● **GOAL OF THE EXERCISE**
With pictures excluded, copy word for word the lines in the data below from the line containing "Dioskouri Art Villas" through the line containing "Large Double Room".

● **ENTRIES SHOWN**

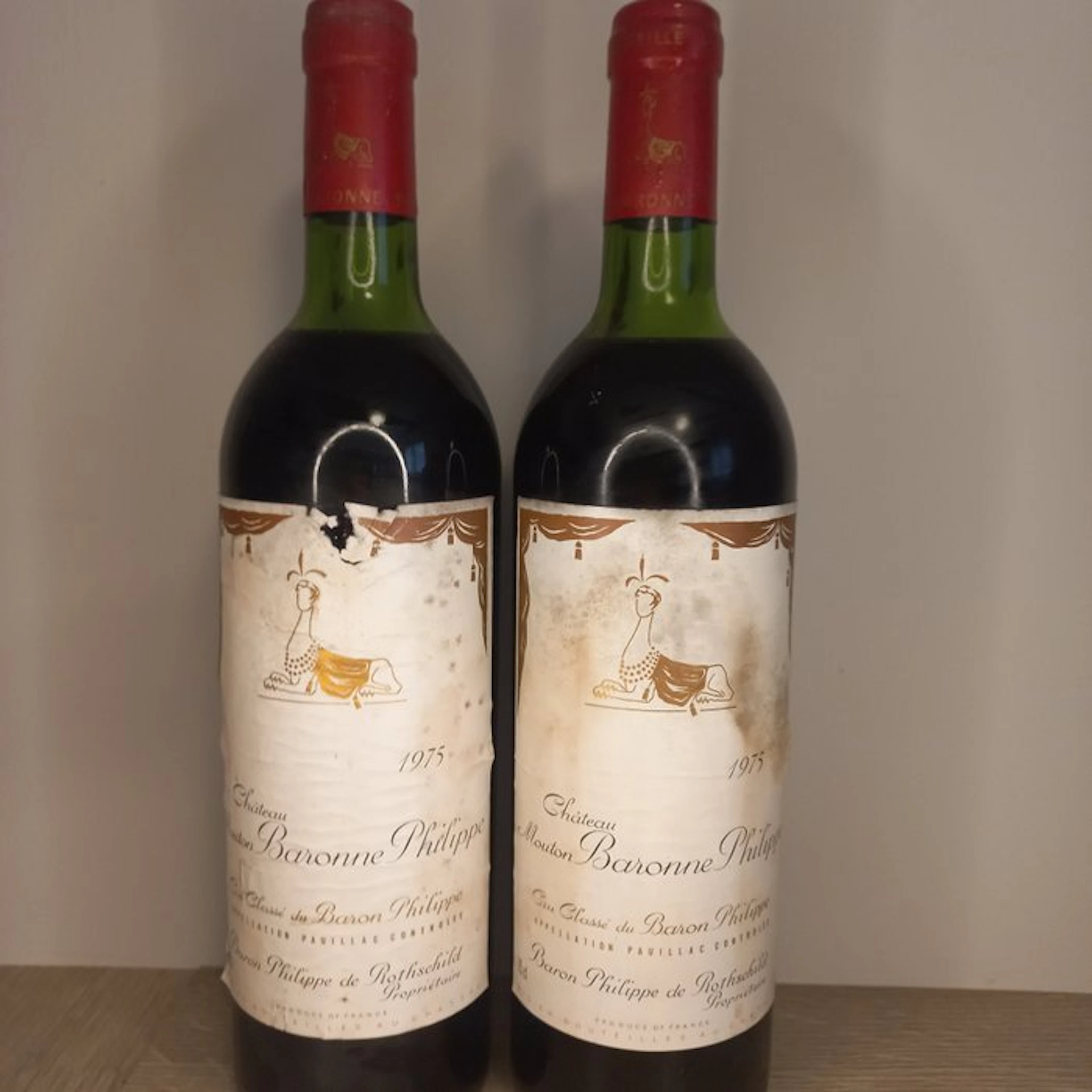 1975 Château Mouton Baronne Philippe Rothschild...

...

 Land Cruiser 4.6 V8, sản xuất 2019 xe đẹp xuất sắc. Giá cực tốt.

* * *

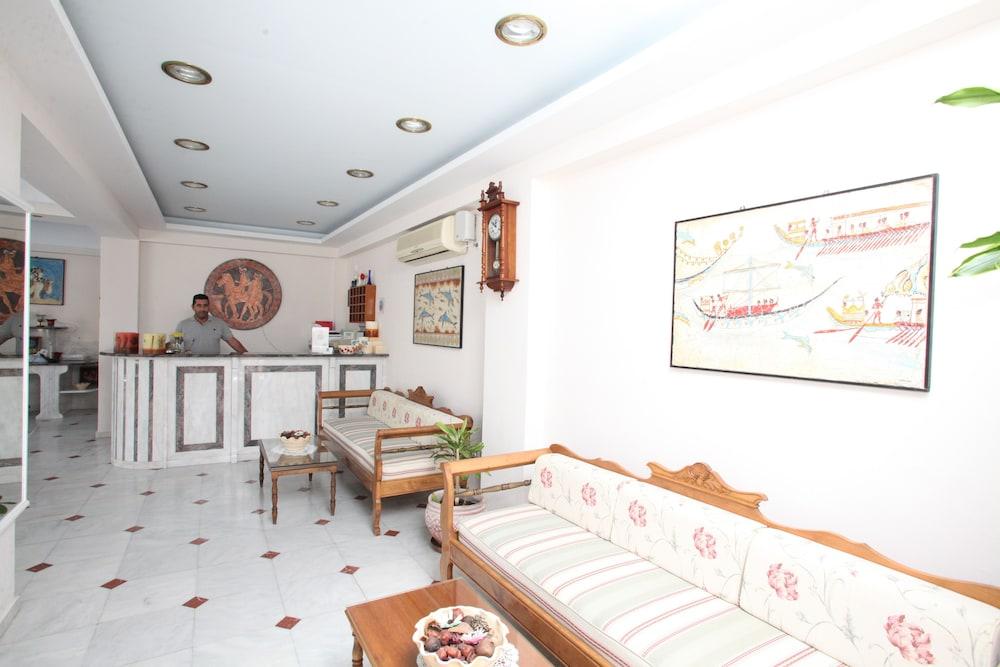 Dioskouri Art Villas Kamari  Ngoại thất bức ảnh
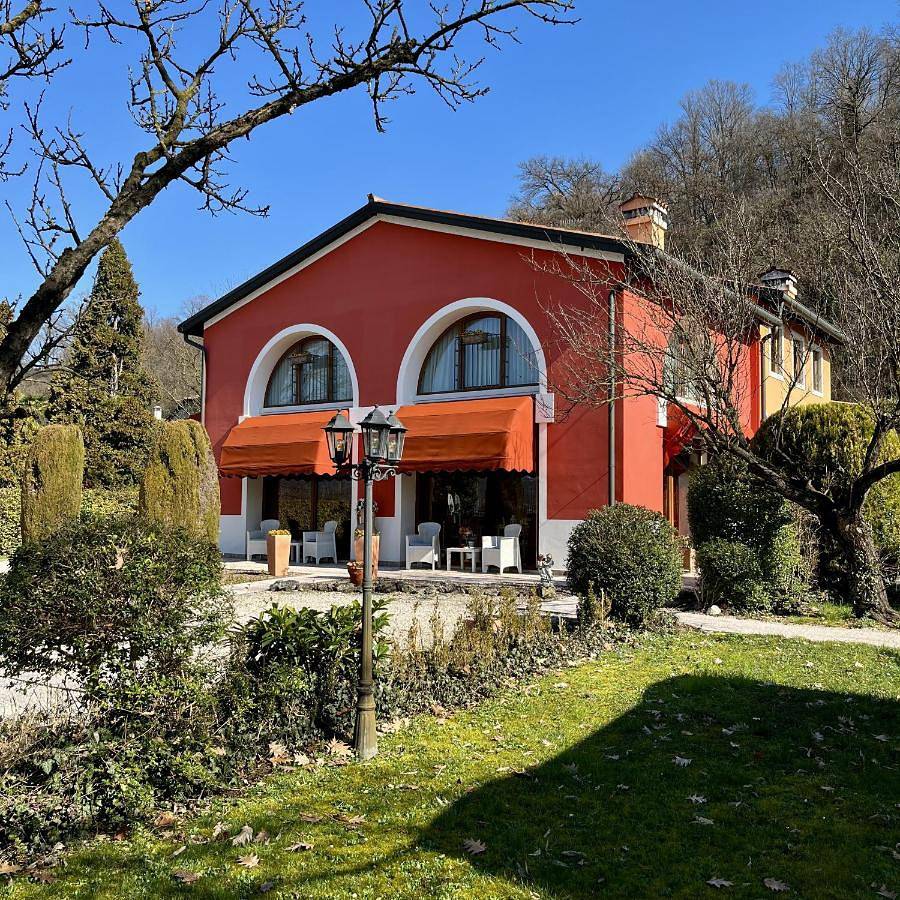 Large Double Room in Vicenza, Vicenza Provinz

● **REPLY**
 Dioskouri Art Villas Kamari  Ngoại thất bức ảnh
 Large Double Room in Vicenza, Vicenza Provinz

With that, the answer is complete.